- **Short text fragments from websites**
▬▬▬▬▬▬

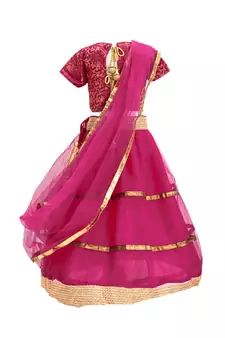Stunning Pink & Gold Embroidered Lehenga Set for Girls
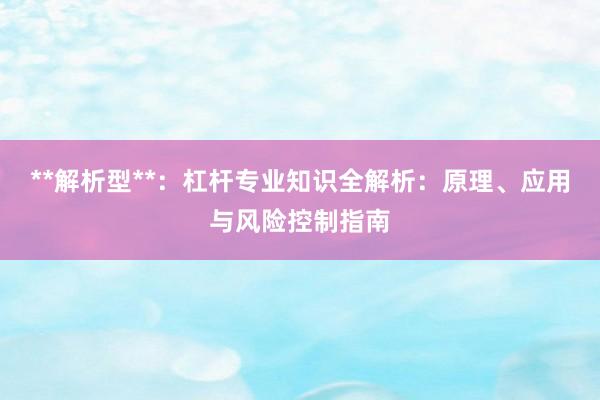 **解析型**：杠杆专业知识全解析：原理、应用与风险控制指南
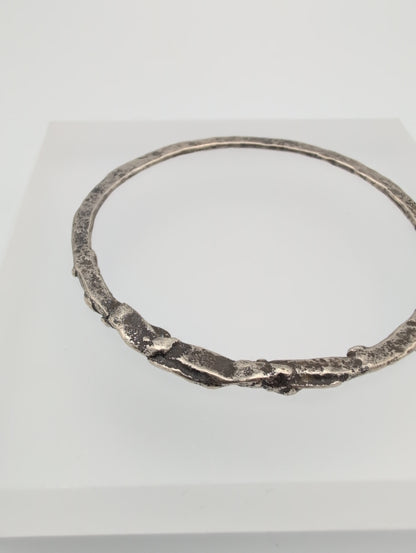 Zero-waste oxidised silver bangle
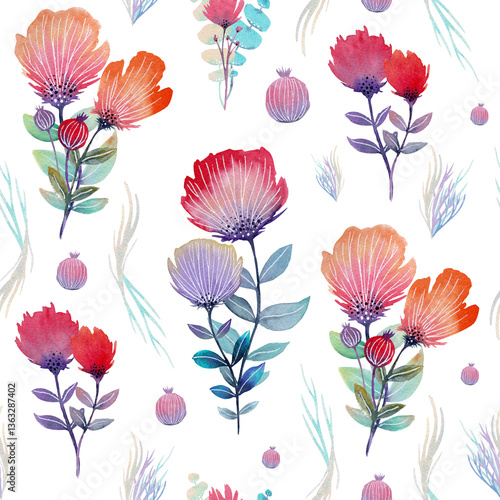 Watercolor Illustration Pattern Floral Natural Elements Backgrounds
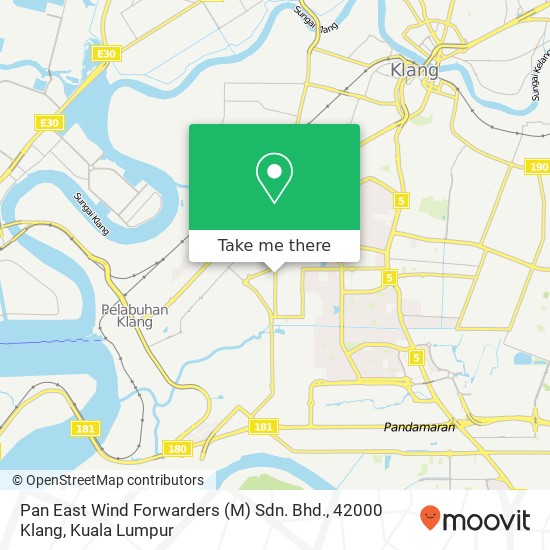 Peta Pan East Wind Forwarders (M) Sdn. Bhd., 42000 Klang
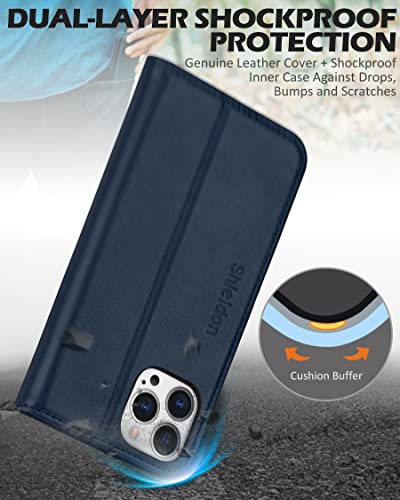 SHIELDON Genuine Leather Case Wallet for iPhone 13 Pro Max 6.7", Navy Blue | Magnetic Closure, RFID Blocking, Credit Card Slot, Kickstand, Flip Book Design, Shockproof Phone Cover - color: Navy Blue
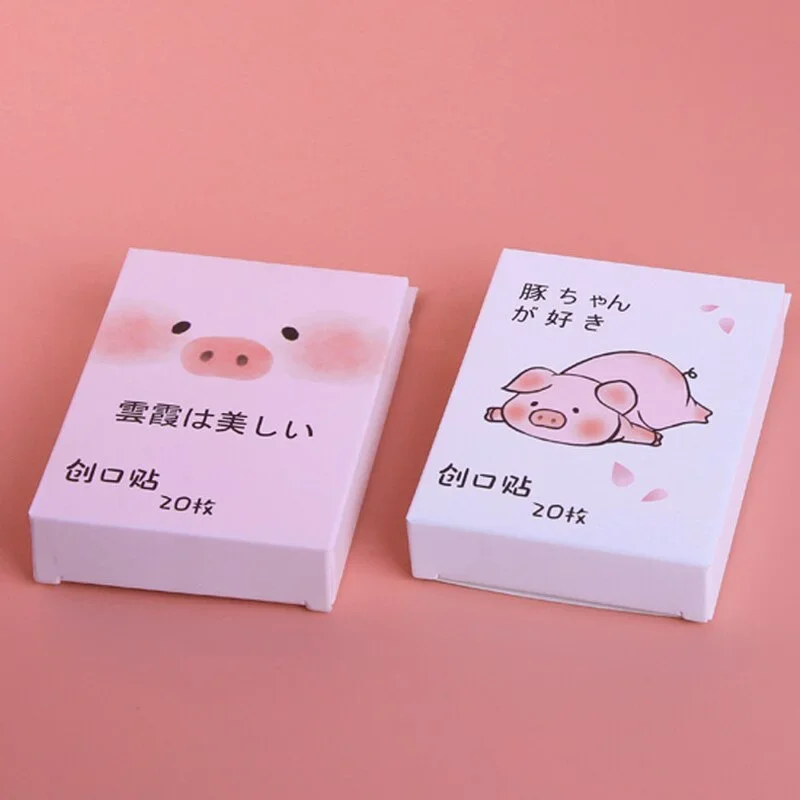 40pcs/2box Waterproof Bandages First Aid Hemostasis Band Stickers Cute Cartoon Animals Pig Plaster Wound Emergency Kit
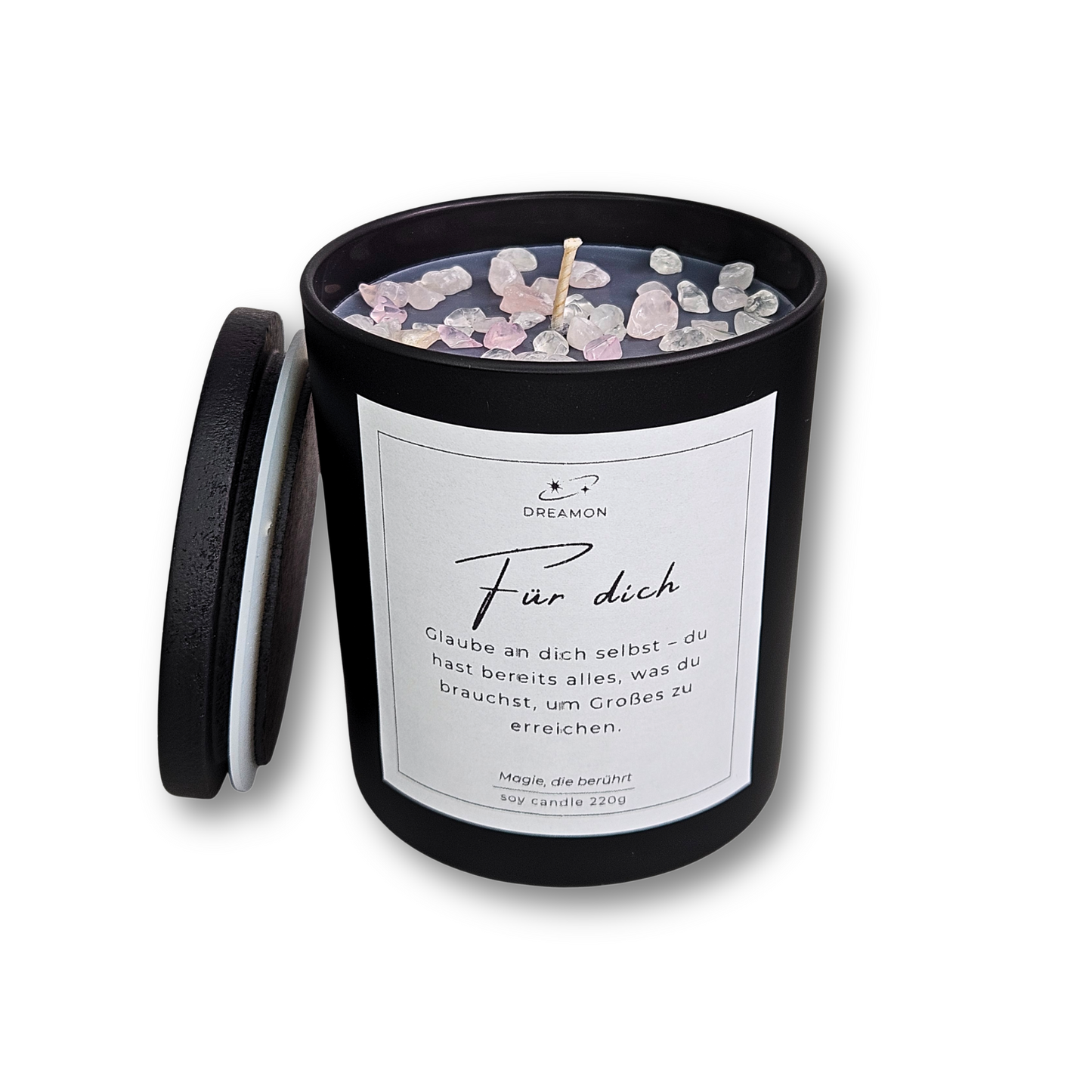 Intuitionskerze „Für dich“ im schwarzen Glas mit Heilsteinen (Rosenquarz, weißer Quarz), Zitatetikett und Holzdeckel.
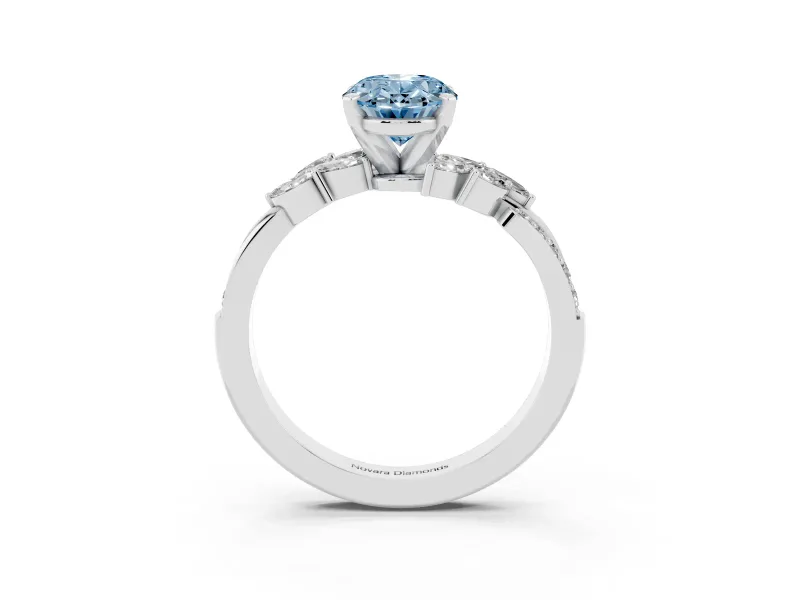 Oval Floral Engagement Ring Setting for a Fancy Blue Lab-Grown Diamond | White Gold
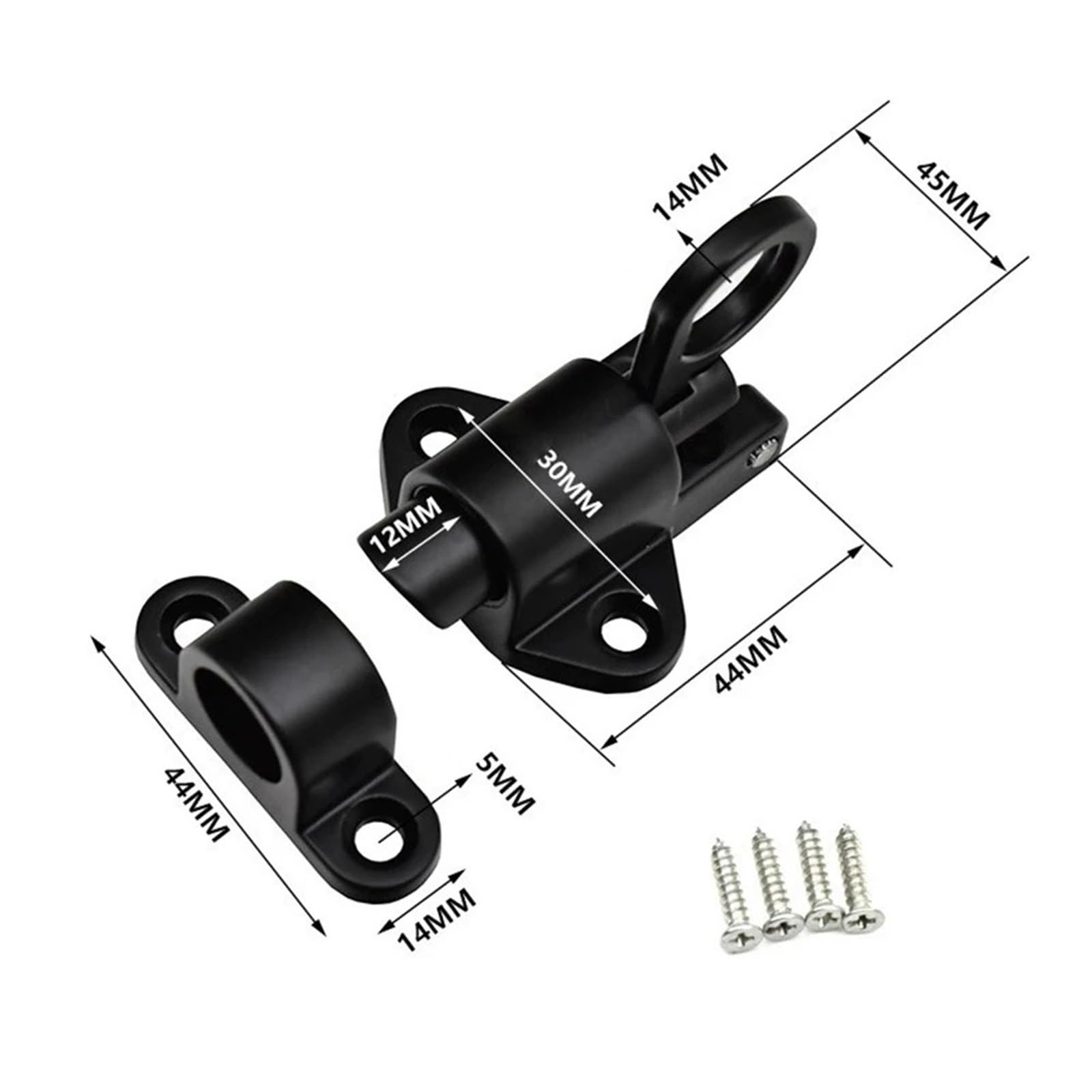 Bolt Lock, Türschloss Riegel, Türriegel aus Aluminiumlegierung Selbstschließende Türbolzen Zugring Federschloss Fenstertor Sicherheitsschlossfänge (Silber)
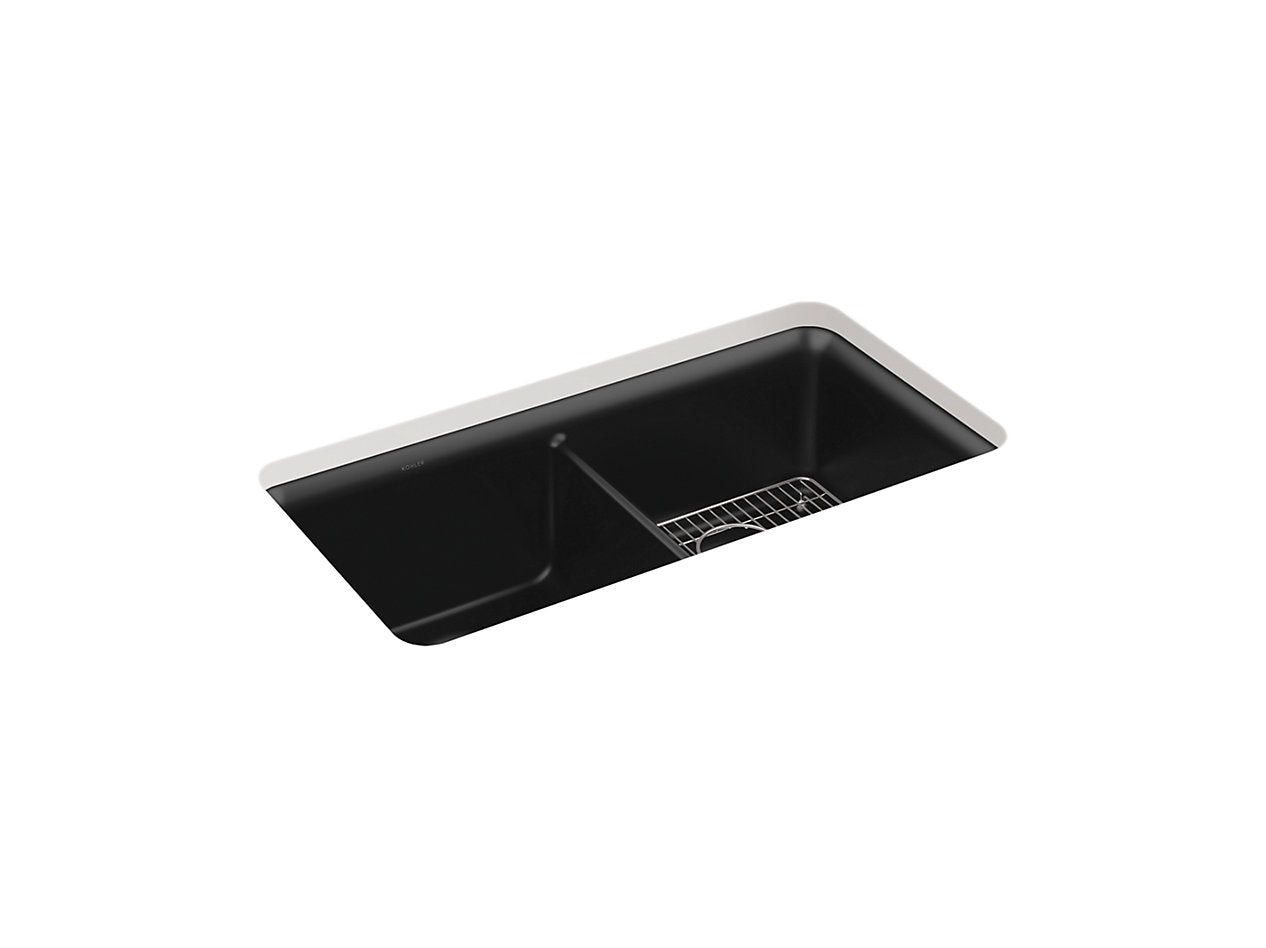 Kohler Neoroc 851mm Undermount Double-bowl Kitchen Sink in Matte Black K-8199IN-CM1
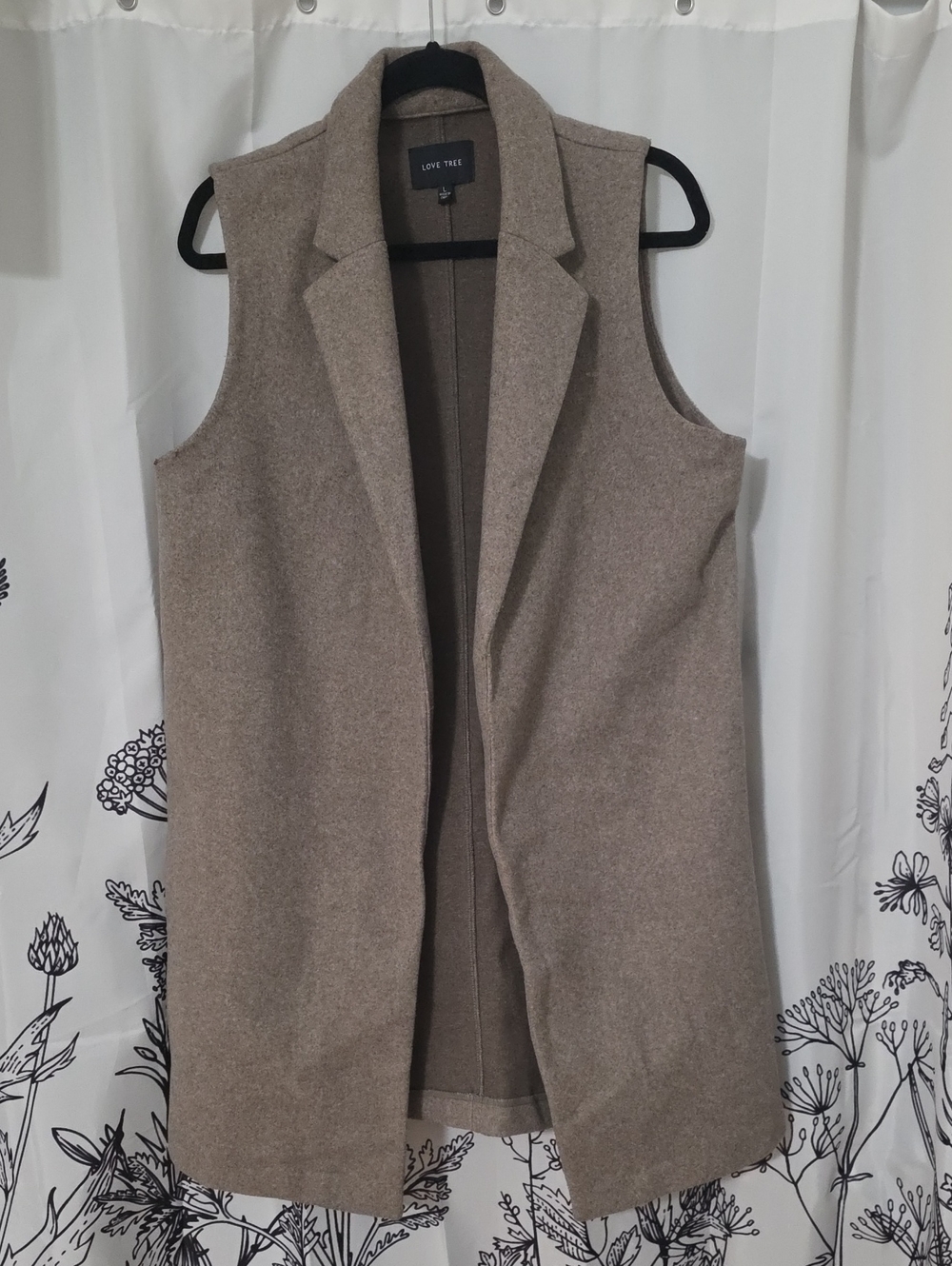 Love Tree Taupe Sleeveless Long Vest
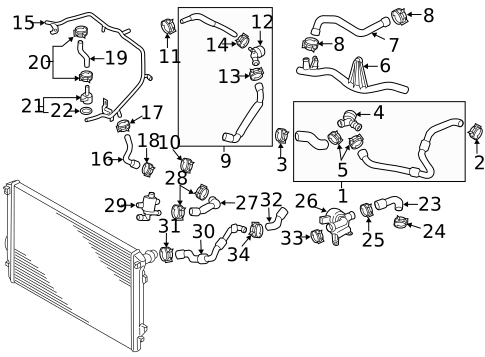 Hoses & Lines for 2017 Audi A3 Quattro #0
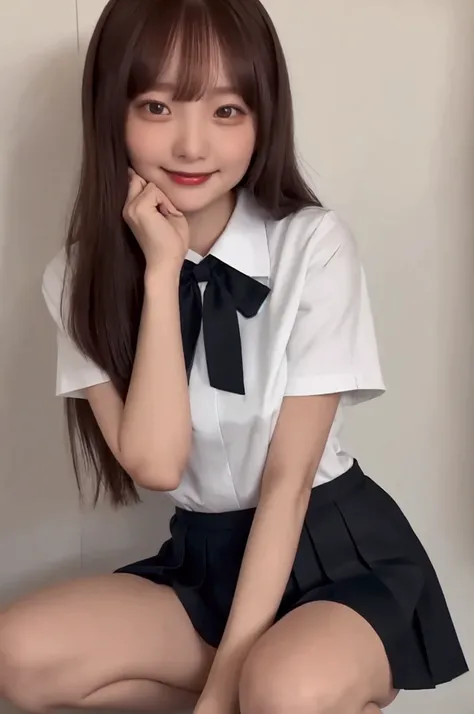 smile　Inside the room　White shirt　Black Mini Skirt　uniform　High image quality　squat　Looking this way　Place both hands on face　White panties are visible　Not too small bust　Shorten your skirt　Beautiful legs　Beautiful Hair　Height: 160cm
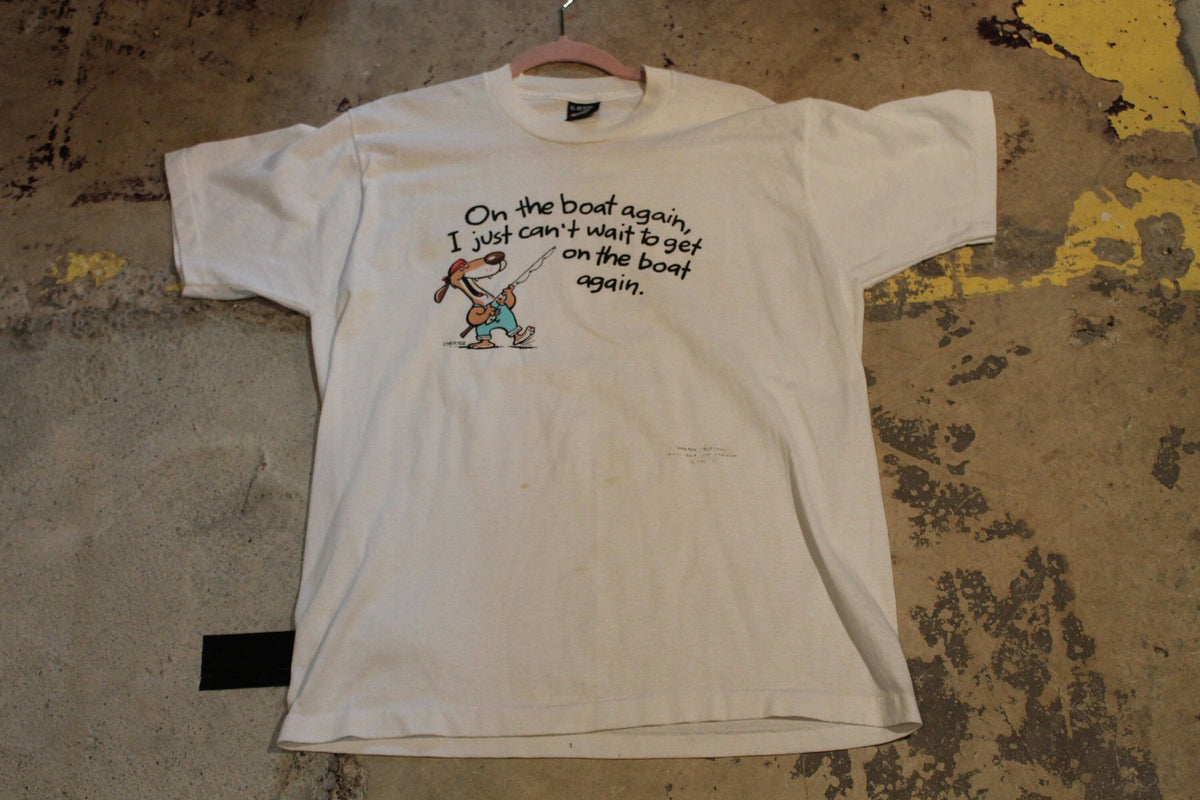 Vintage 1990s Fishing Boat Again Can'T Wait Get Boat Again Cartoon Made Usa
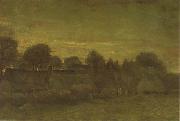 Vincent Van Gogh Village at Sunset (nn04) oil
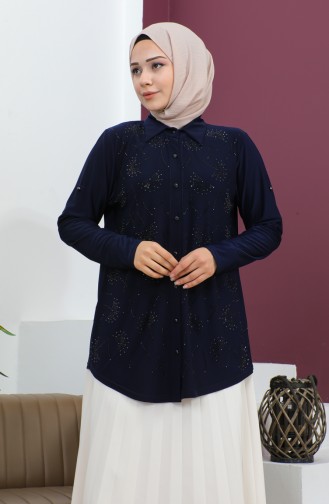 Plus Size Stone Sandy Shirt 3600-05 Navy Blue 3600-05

▬▬▬▬▬▬

Every line from the one containing "Hoses & Lines for 2017 Audi A3 Quattro #0" through the end of the entries above, both included, should be extracted exactly, with pictures left out.

 Hoses & Lines for 2017 Audi A3 Quattro #0
 smile　Inside the room　White shirt　Black Mini Skirt　uniform　High image quality　squat　Looking this way　Place both hands on face　White panties are visible　Not too small bust　Shorten your skirt　Beautiful legs　Beautiful Hair　Height: 160cm
 Vintage 1990s Fishing Boat Again Can'T Wait Get Boat Again Cartoon Made Usa
 Vincent Van Gogh Village at Sunset (nn04) oil
 Plus Size Stone Sandy Shirt 3600-05 Navy Blue 3600-05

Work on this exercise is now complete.